L'an dernier, elle a eu un client suédois, très bon skieur de 60 ans, qui voulait «bouffer» de la poudreuse, «il s'en fichait de la nature ou de faire un peu de ski de randonnée, il était boulimique de virages en profonde. C'est super déprimant d'être confronté à cela, cela fait 30 ans qu'il skie, il est incapable de sentir le moindre danger, un copain de sa fille est pourtant mort dans une avalanche». Il y a cela, cette prise de risque avec l'ignorance du danger et ce besoin de consommer à tout prix. «Nous devons lire et savoir quand ils sont fatigués, argumente la guide. Il y a beaucoup de communication non verbale. Faire le guide, c'est bien, mais il faut beaucoup de partage et de psychologie, ils essaient d'inculquer cela à l'école». Elle, «la Suédoise», qui arrive «de nulle part», sans capacités techniques énormes, elle parvient quand même à en vivre.

«Il y a des choses à changer dans notre métier, il faut qu’on tente de réduire les accidents. Nous participons à une diversité de métiers et de pratiques qui donnent richesse à notre société. Il y aura toujours des gens qui voudront essayer de se décoller de cette conception élitiste de la montagne, la démocratiser, assurer que c’est pour tout le monde, qu’il suffit d’y aller, qu’on n’est pas obligés de faire cette face noire en deux heures et demie, que le plus important c’est d’y être».

Elle a passé le diplôme en 2006. Le niveau des clients reste stable, selon elle, peut-être que les skis permettent de réaliser des choses plus difficiles. «Nous guides, on a nos petites astuces pour calmer les clients, ceux qui ont les yeux plus gros que le ventre, par exemple les tester sur des passages un peu difficiles qui les feront en rabattre un peu», concède-t-elle.

«Aujourd’hui, à la montagne, on est valorisés quand on a pris trop de risques et qu’on s’en est sortis. On a tous des anecdotes d’incidents, on ne nous écoute pas, on n’a pas assez bien communiqué sur les conditions, pas bonnes, on s’est fait pousser par les clients… On manque parfois d’outils pour prendre les bonnes décisions. On se rend compte qu’on a fait des conneries, et qu’on a eu de la chance. Il nous faut toujours rester vigilants, chaque situation est complexe».

Elle dit n'avoir jamais approché la montagne comme un défi, «c'est toujours quelque chose que je faisais si je le pouvais, je n'ai jamais accompli d'exploits». La montagne, pour Ulrika, c'est juste un endroit de «totale liberté», où chacun est responsable de ses actions, un lieu magnifique.

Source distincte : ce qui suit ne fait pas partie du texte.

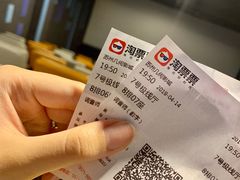 -几何影城观前街店(全激光影厅)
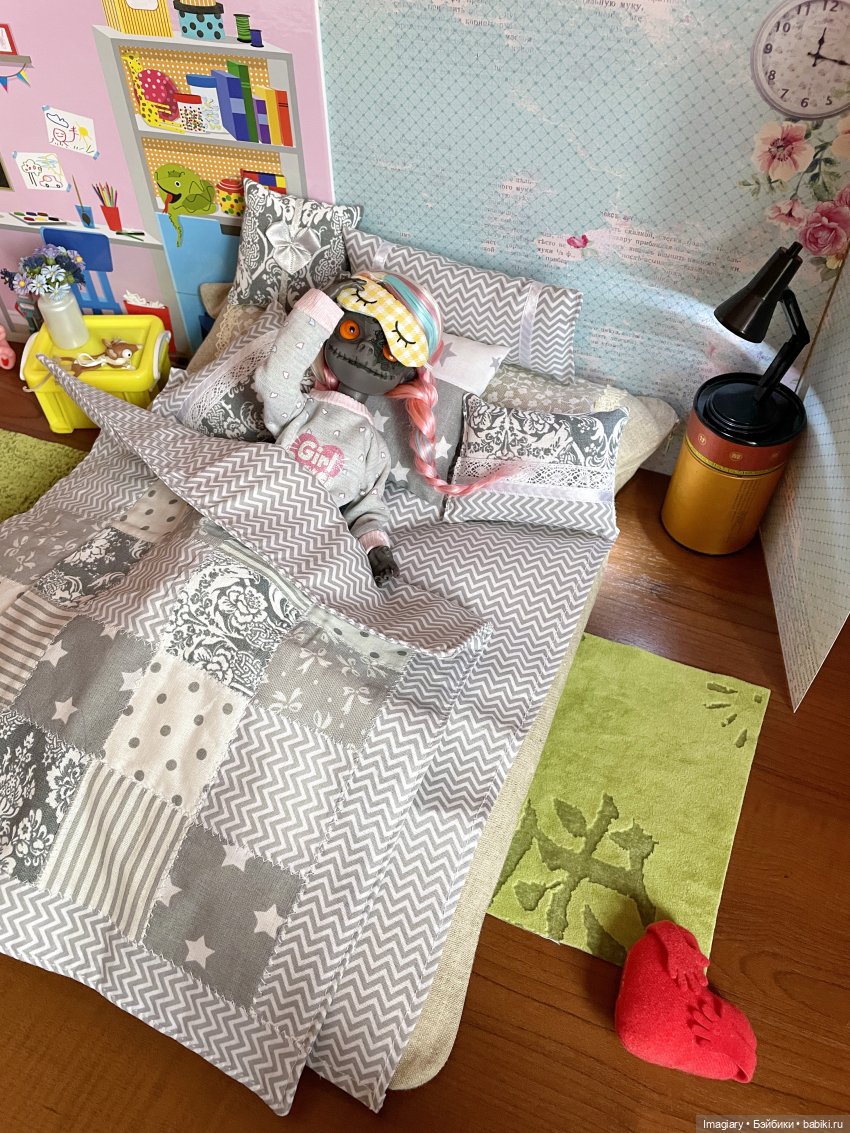 Один день для веселья — 3D (фото 2)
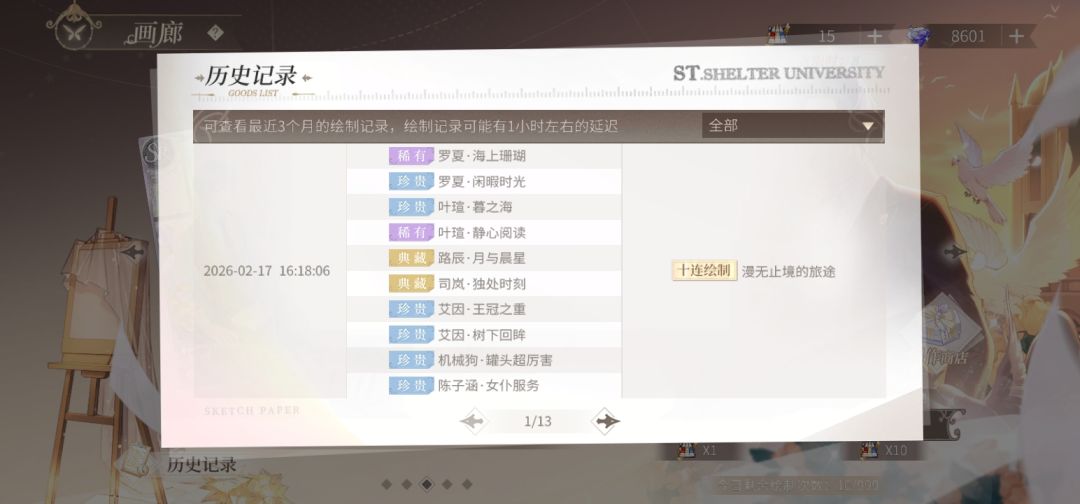 双金应该也算欧? 1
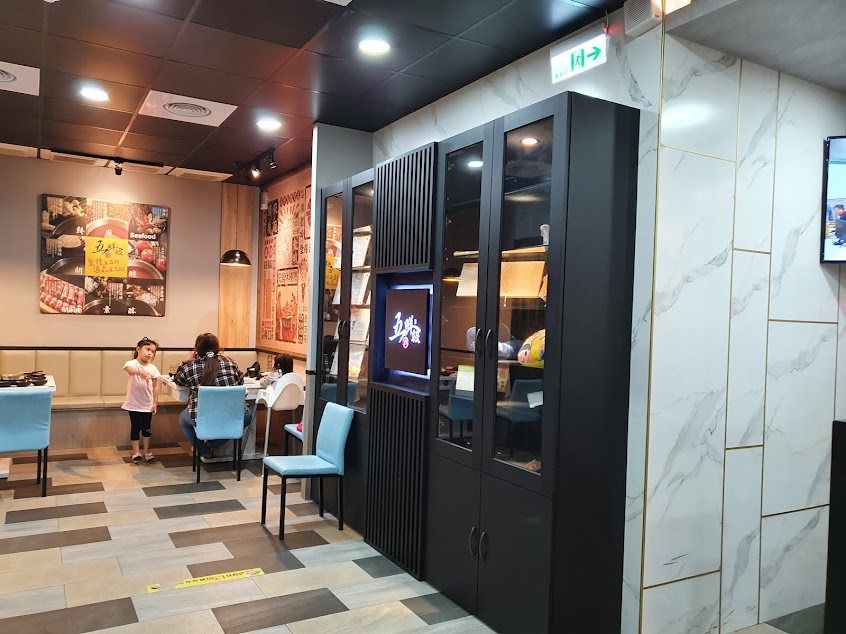 五鮮級鍋物專賣 路竹國昌店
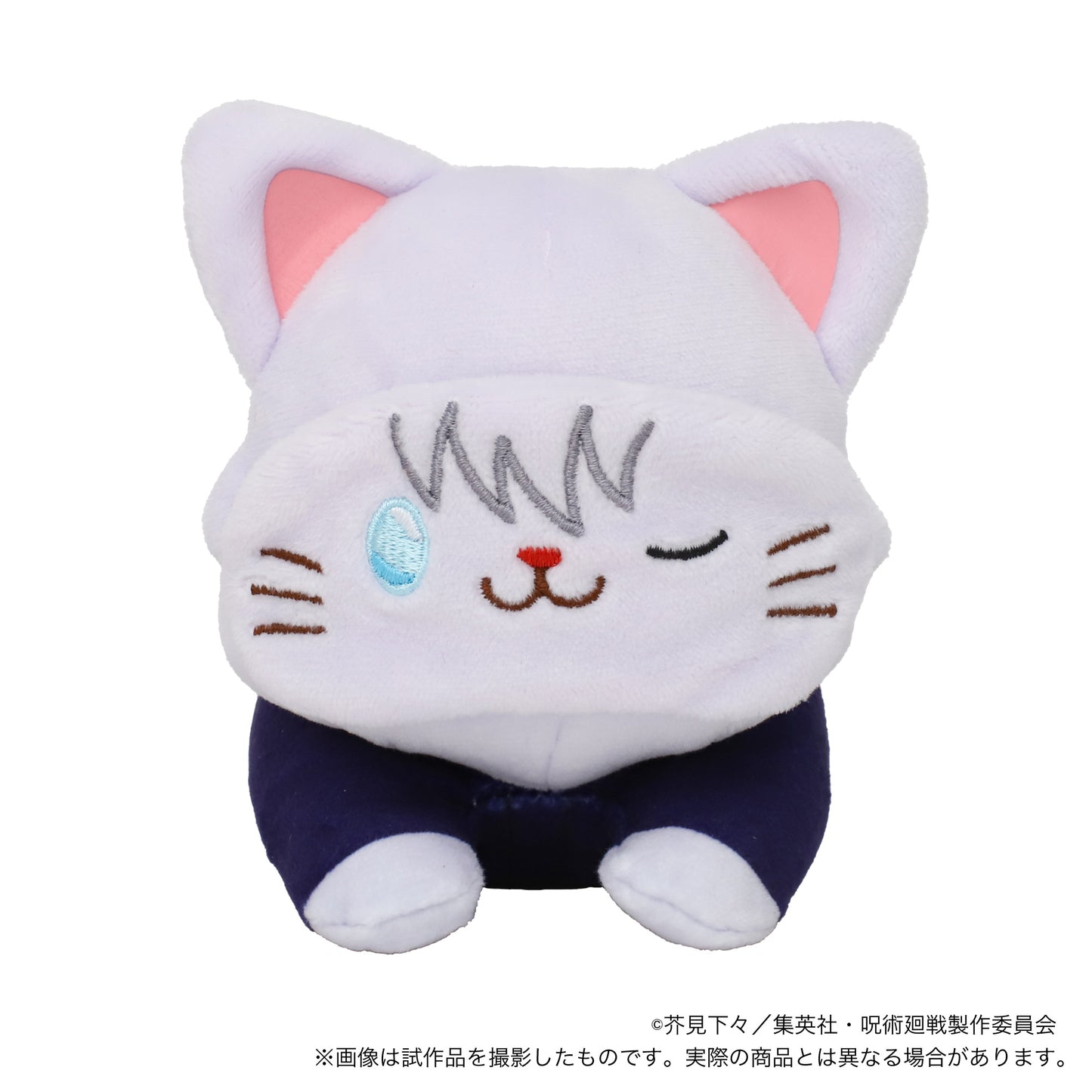 《呪術廻戦》帶有CAT眼罩的毛絨玩具~躺著~/五條 悟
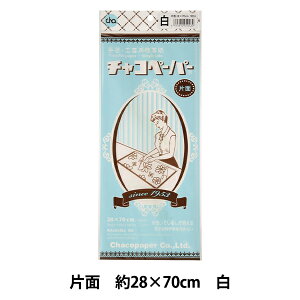 |}[J[p w`Ry[p[ Ж   MA-3x KIYOHARA 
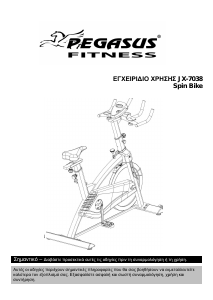 Εγχειρίδιο Pegasus Fitness JX-7038 Ποδήλατος γυμναστικής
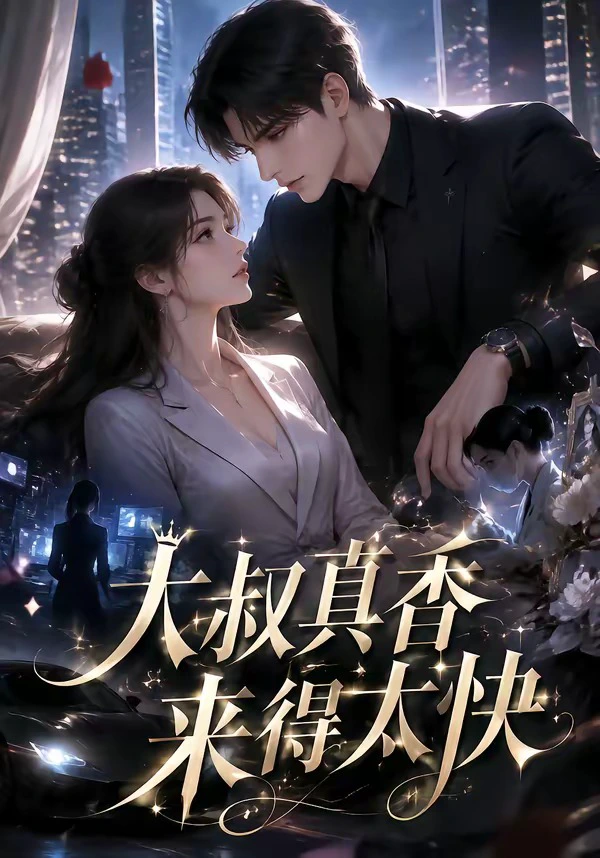 大叔真香来得太快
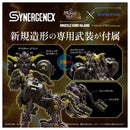 Brand New Takara Tomy Monster Hunter x Zoids Knuckle Kong Rajang Plastic Kit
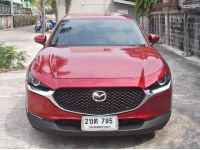 Mazda CX-30 2.0 C ปี 2021 รูปที่ 3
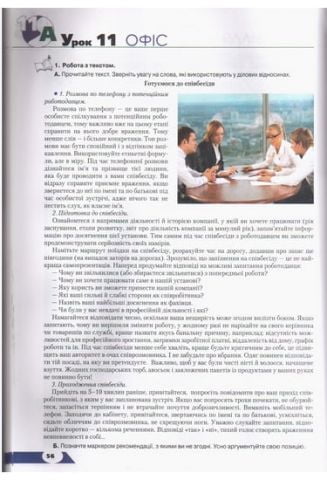 Українська за 20 уроків: навчальний посібник О. М. Авраменко Грамота 2014 + диск - фото 2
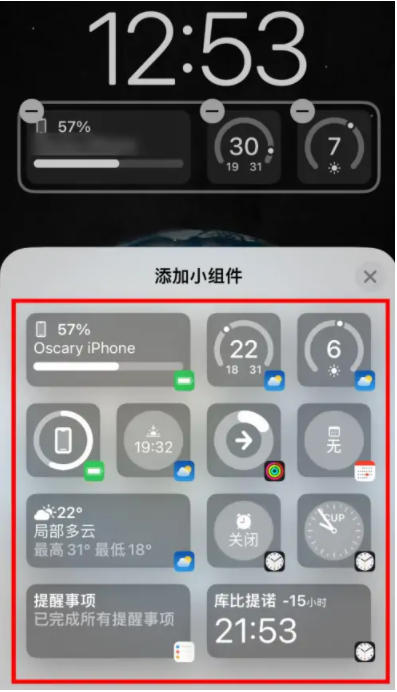 大足苹果手机维修分享iOS16锁屏小组件添加教程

«En France, on vit avec un passé très individualiste, qui se retrouve dans notre profession, je trouve cela intéressant de réfléchir quant à la direction que prend notre métier, de mettre en place un collectif, souligne la guide. On sait tous, ce qui fait peur dans notre métier, notre responsabilité. Une décision mauvaise peut entraîner la mort des gens. Il y a une super-solidarité entre les guides, j'y ai découvert un univers de partage d'expérience, moi qui suis une femme qui vient de loin, si je vais dans les Pyrénées ou une autre montagne, j'appelle un guide pour savoir ce qui se passe dans tel ou tel endroit, il me dira, c'est extraordinaire. Quand je suis arrivée, j'ai découvert cet univers-là, même si certains m'ont regardé un peu de travers, j'ai eu des commentaires mais beaucoup moins que ce que je pouvais croire».

Ulrika aurait bien aimé passer le monitorat de ski, avoir ce complément-là, de pédagogie. «Il y a peu de femmes guide, c'est sans doute une question de rapport au risque, beaucoup de femmes pourraient cependant y prétendre», raconte-t-elle. «On fait de la montagne un peu différemment, mais on pense exactement pareil, (avec les hommes ndlr), on a les mêmes réflexes en escalade, les mêmes façons de penser, les mêmes conclusions sur les situations. Question endurance, on peut être à égalité avec les hommes, c'est sur la force physique qu'on est en deçà», conclut Ulrika.